Dito isso, nestes últimos dias venho conferindo os filmes lançados comercialmente neste ano de 2013. Dentre diversas sessões - algumas ótimas ("O Passado", "O Hobbit", "Capitão Phillips"...) e outras nem tão boas assim ("Machete Kills", "Um Estranho no Lago"...) - o novo filme de Nicolas Winding Refn foi o que mais me chamou a atenção. Não necessariamente por sua qualidade (embora seja um dos grandes filmes do ano), mas pela aura mística e enigmática que banha cada um dos quadros da projeção. Vale avisar aos navegantes que pretendam embarcar neste sonho gore e obscuro, que talvez "Only God Forgives" não agrade a todos da mesma forma que o filme anterior do diretor, "Drive".
Novamente trabalhando com Ryan Gosling, o diretor nos submerge no submundo tailandês, onde Gosling é um traficante que tem seu irmão morto pelo chefe da polícia local. Sua família então o obriga a se lançar em uma caçada em busca de vingança. Embora se assemelhe muito a uma trama popular e genérica de um filme policial qualquer, o tratamento dado por Refn à estória foge de qualquer padrão estabelecido pelo gênero.

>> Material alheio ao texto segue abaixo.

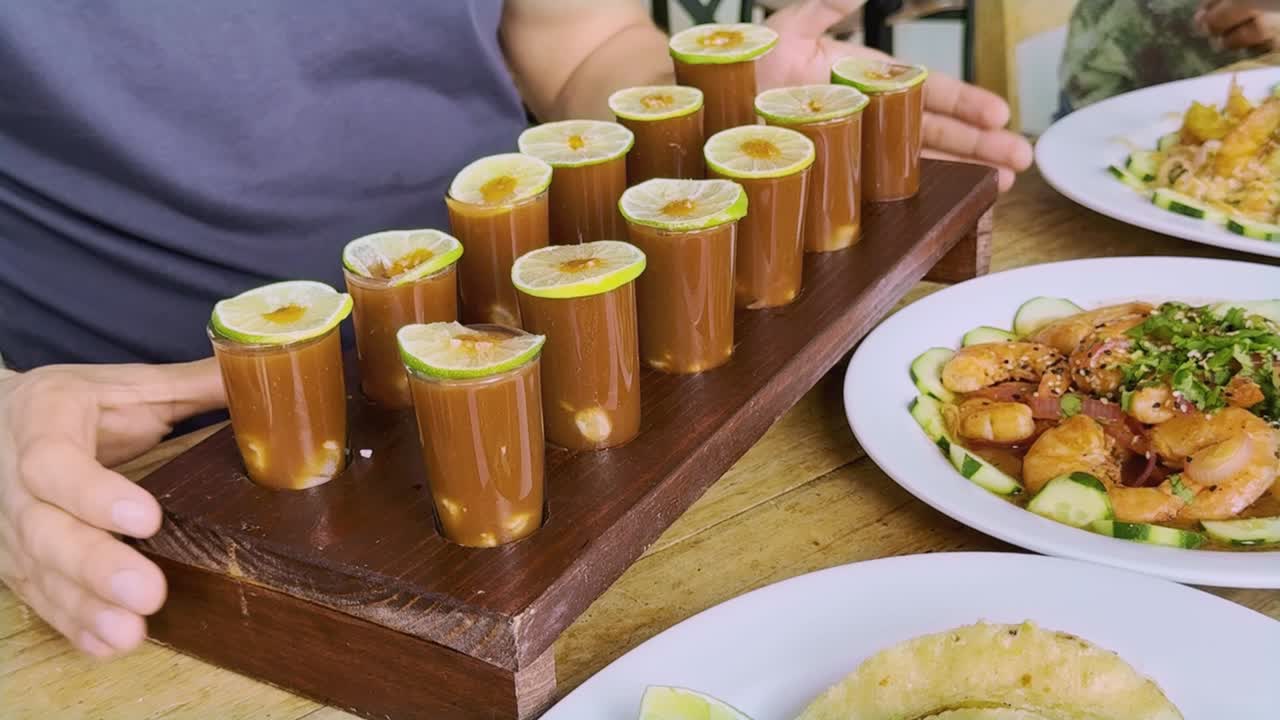 Shrimp and seafood buffet served on wooden table during meeting, juice shrimp shots in foreground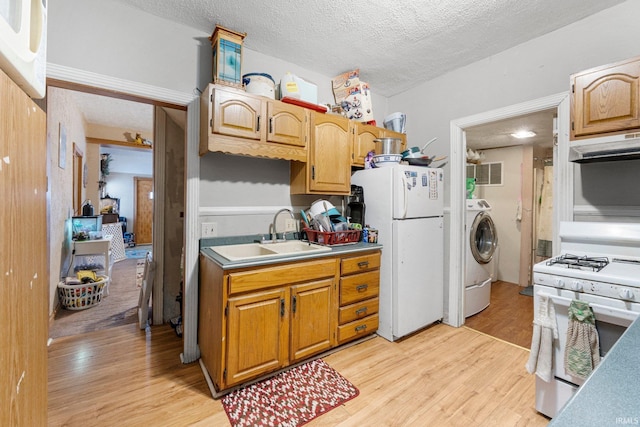 kitchen with white appliances, washer / dryer, light wood-style flooring, a sink, and under cabinet range hood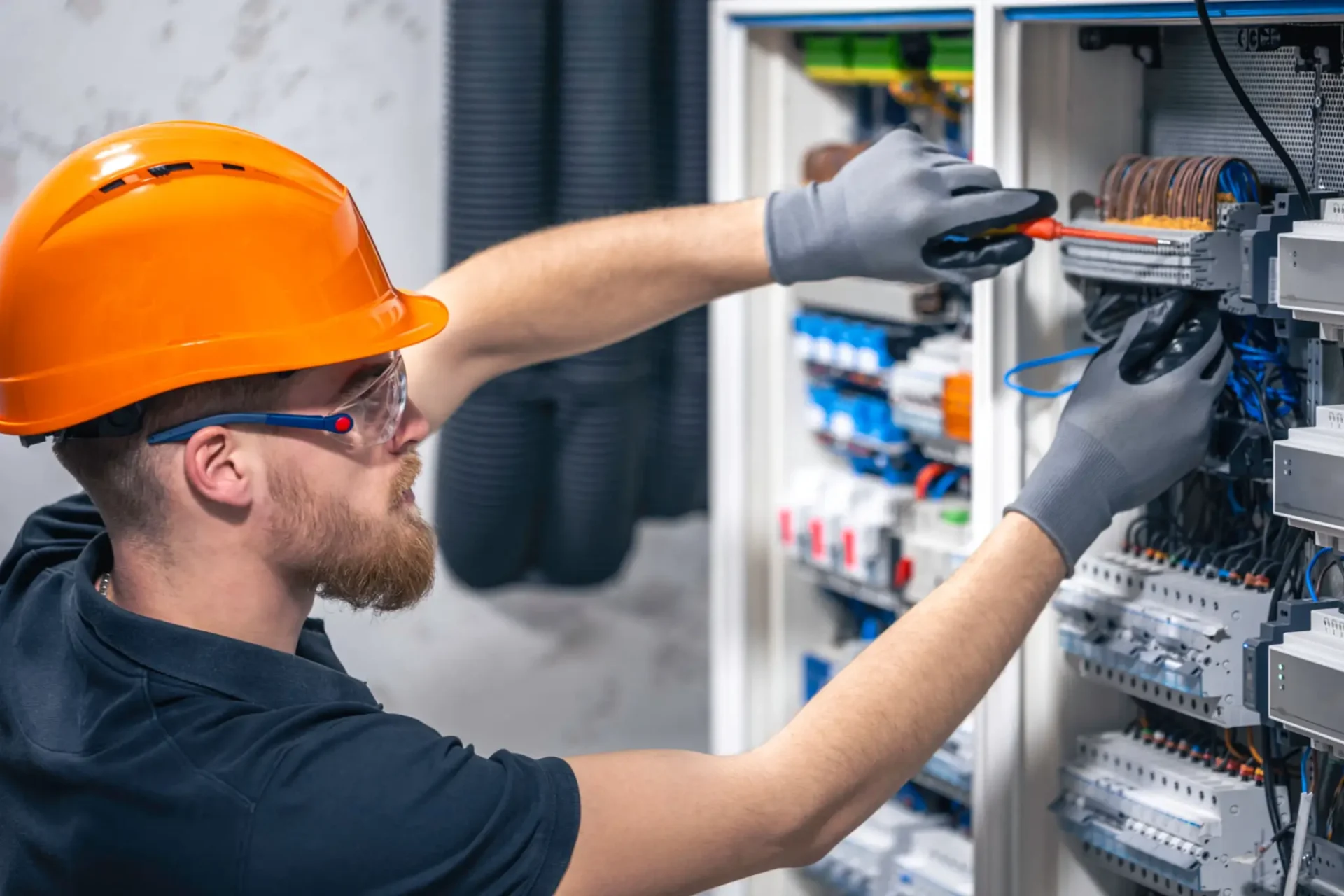 Electrician fixing wiring inside an electrical panel while wearing safety gear.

A abordagem continua a mesma de seu filme anterior (o que torna comparações inevitáveis), onde se privilegia, acima do desenvolvimento da narrativa violenta, o que se possa extrair desta violência. Todas as consequências e pormenores ocasionados por um ato violento são decupados. Se em "Drive" há um equilíbrio brilhante entre a glamourização estética e a popularidade da produção, em "Only God Forgives" qualquer indício de caráter popular na trama se perde por completo. Este longa é bem mais underground e alternativo que "Drive". A começar pela estética extremista. O diretor parece privilegiar acima de tudo o silêncio generalizado durante a projeção. O som ambiente é apenas entrecortado pela trilha sonora - excelente, por sinal - já que os diálogos acontecem apenas quando estritamente necessários. O próprio protagonista tem sua primeira linha de diálogo em mais de 20 minutos de projeção.
E enquanto o silêncio domina o som, a belíssima fotografia toma conta dos enquadramentos metódicos. O contraste entre vermelho e azul extremo e a parca iluminação criam ambientes tão claustrofóbicos e angustiantes que mais se aproximam de sonhos perturbadores. Esta abordagem imagética talvez seja a mais acertada por parte de Refn, uma vez que contribui com sua montagem um tanto psicodélica, a qual tenta estabelecer um mundo onde a fantasia gira em torno da realidade (ou vice e versa), ao entrecortar cenas palpáveis e reais com a imaginação e onirismo do protagonista (vide a primeira cena sexual de Gosling, onde este tenta se excitar com uma prostituta em sua frente, mas é perturbado pela aparição constante e assombrosa do vilão máximo do filme).
Seja pela montagem lenta, pela evolução pausada ou mesmo pela precisão dos enquadramentos, esta talvez seja a obra mais kubrickiana que Refn tenha realizado em sua carreira. Diversos planos são homenagens latentes ao mestre do cinema. Vale ressaltar a sequência do karaokê no restaurante, que soa como uma paráfrase atualizada das sequências em que Alex e sua gangue se drogam com Moloko Vellocet, na obra-prima da ultra-violência, "Laranja Mecânica".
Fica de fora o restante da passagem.